PROBLEM TO SOLVE –
The answer should hold only the lines from the one containing "Check that the" through the one containing "On the top of" in the entries below, copied exactly, without pictures.

MATERIAL SHOWN –
Segment Open

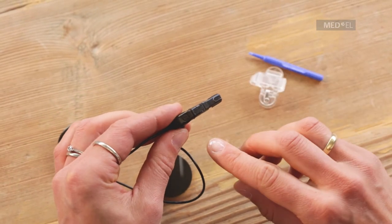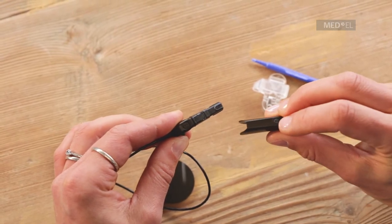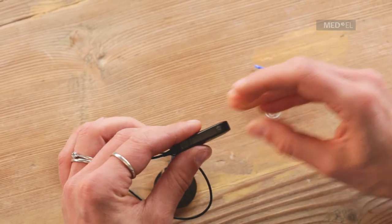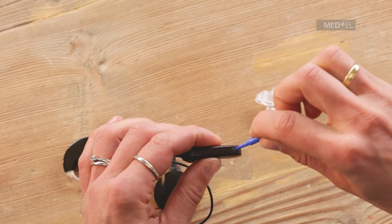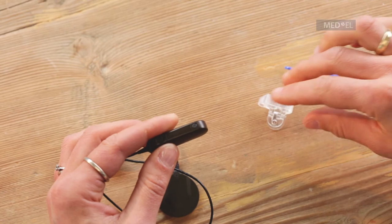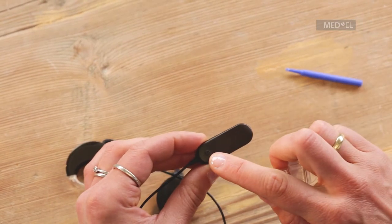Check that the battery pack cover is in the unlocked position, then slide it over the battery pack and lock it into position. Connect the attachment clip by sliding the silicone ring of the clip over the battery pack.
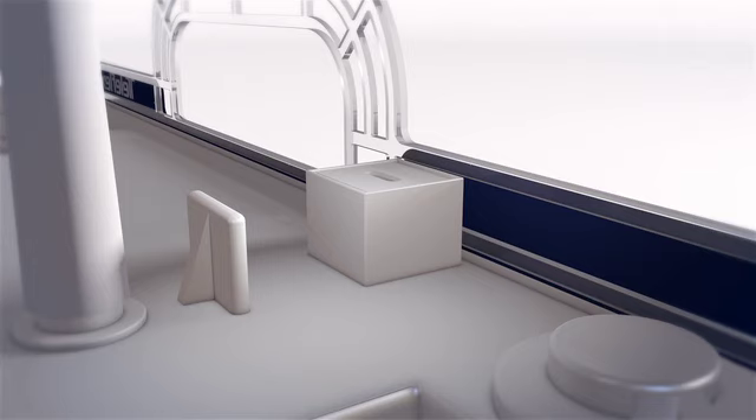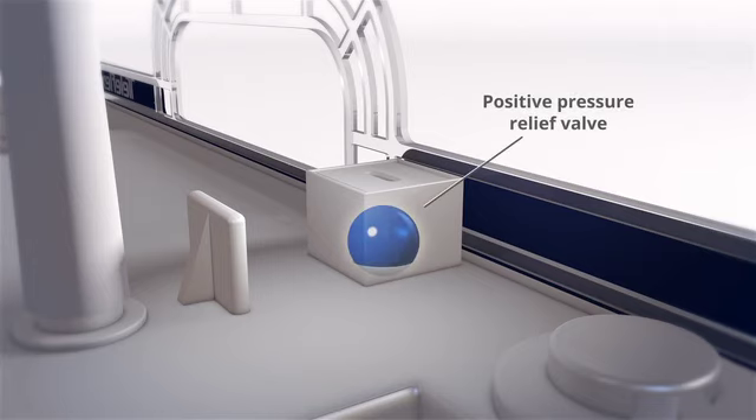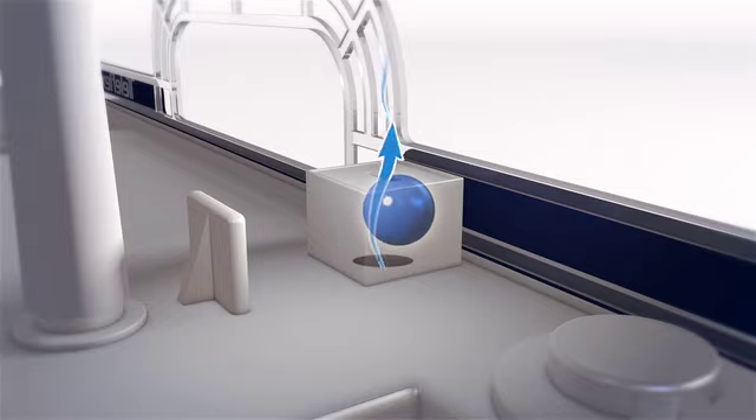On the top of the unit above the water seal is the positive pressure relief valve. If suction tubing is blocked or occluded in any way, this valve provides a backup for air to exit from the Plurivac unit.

Segment Closed
Segment Open

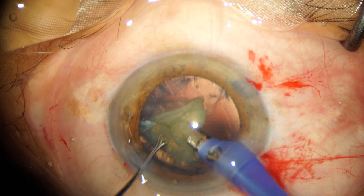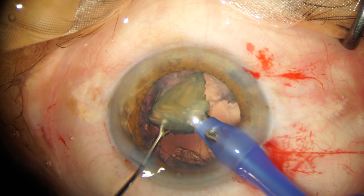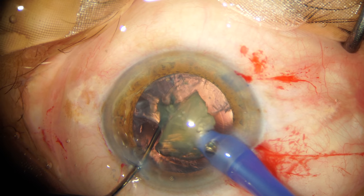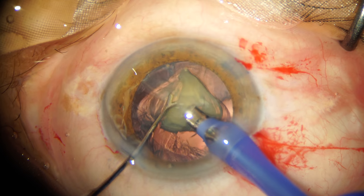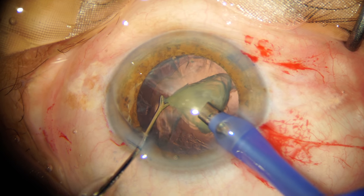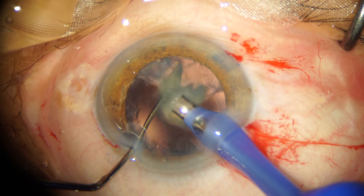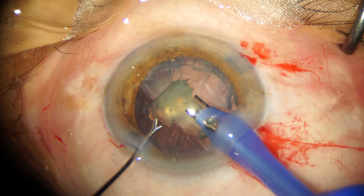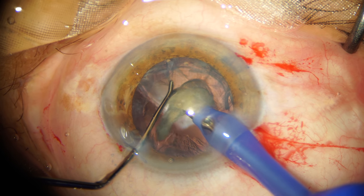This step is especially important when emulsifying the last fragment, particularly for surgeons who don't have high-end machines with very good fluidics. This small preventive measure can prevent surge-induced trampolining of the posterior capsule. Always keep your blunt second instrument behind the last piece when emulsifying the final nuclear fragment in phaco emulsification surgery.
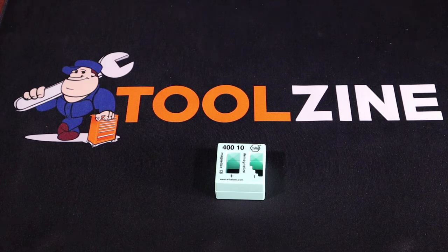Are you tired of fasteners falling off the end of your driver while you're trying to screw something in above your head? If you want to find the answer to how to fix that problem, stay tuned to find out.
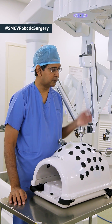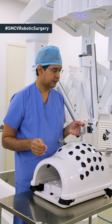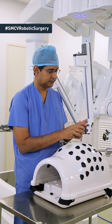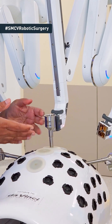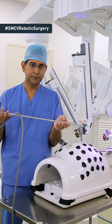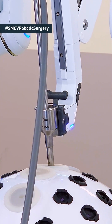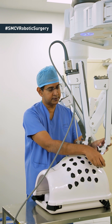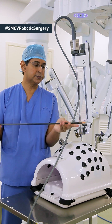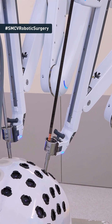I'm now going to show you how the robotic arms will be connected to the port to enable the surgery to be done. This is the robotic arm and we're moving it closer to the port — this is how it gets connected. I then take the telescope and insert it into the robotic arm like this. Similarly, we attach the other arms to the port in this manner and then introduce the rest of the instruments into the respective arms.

Segment Closed
Segment Open

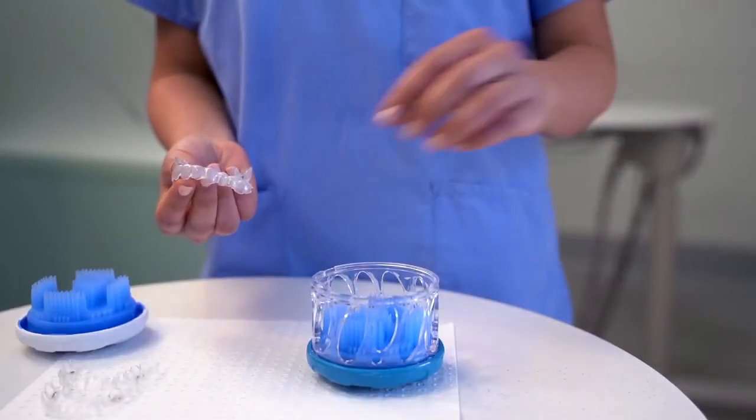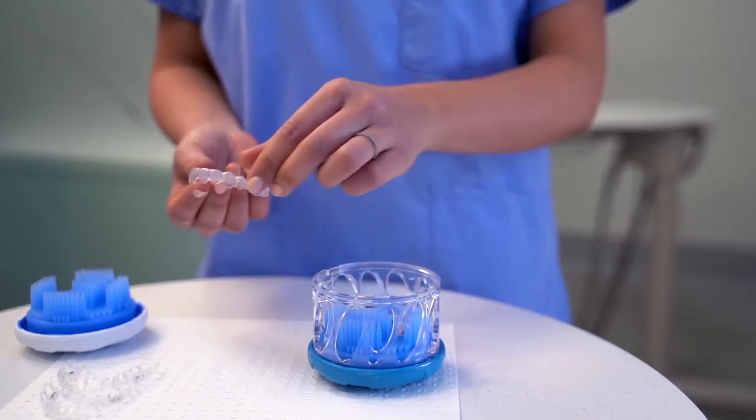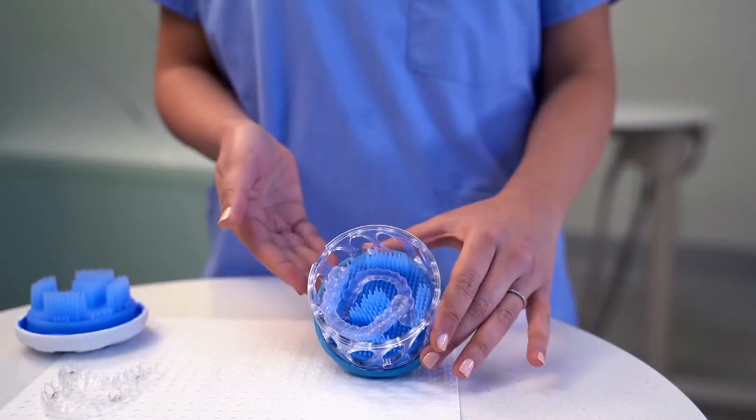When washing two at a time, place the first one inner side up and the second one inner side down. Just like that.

Segment Closed

TASK SOLUTION –
Check that the battery pack cover is in the unlocked position, then slide it over the battery pack and lock it into position. Connect the attachment clip by sliding the silicone ring of the clip over the battery pack.
On the top of the unit above the water seal is the positive pressure relief valve. If suction tubing is blocked or occluded in any way, this valve provides a backup for air to exit from the Plurivac unit.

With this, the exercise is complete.